What is required: Output exactly, and only, the lines below from the one with "LEGO Star Wars" down to the one with "Manmuang Villa Terrace/Veranda". Include both end lines and no pictures.

Exercise data:
* * * * * * *

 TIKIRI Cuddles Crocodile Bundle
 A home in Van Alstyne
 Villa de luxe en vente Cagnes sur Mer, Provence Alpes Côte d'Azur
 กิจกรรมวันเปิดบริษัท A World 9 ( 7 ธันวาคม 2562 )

* * * * * * *

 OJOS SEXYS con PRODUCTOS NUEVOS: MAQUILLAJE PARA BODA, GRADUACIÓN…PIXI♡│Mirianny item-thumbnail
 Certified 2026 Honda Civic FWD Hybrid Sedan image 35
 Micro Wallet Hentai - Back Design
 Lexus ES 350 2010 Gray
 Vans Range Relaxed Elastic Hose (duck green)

* * * * * * *

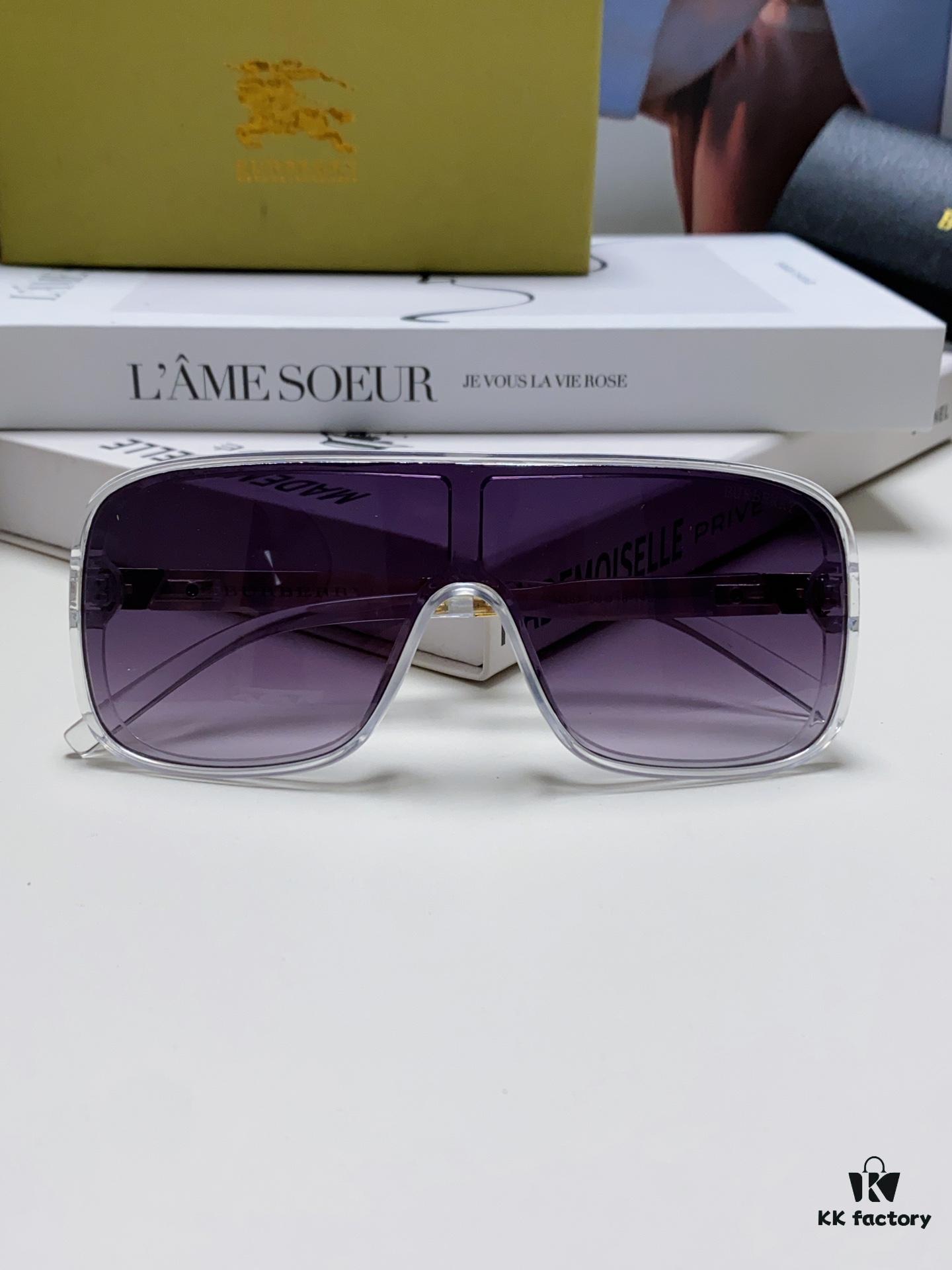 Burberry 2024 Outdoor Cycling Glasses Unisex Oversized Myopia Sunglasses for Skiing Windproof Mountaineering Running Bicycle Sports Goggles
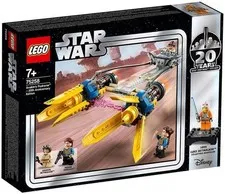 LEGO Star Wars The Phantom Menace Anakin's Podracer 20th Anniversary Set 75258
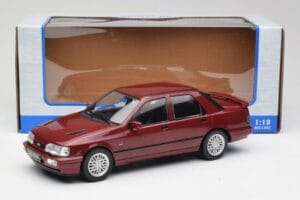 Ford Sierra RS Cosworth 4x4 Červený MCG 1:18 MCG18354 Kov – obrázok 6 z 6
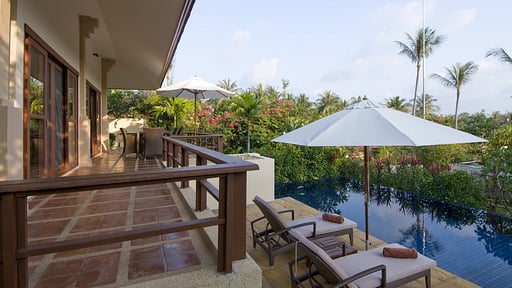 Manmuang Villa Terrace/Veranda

* * * * * * *

Written response:
 LEGO Star Wars The Phantom Menace Anakin's Podracer 20th Anniversary Set 75258
 Ford Sierra RS Cosworth 4x4 Červený MCG 1:18 MCG18354 Kov – obrázok 6 z 6
 Manmuang Villa Terrace/Veranda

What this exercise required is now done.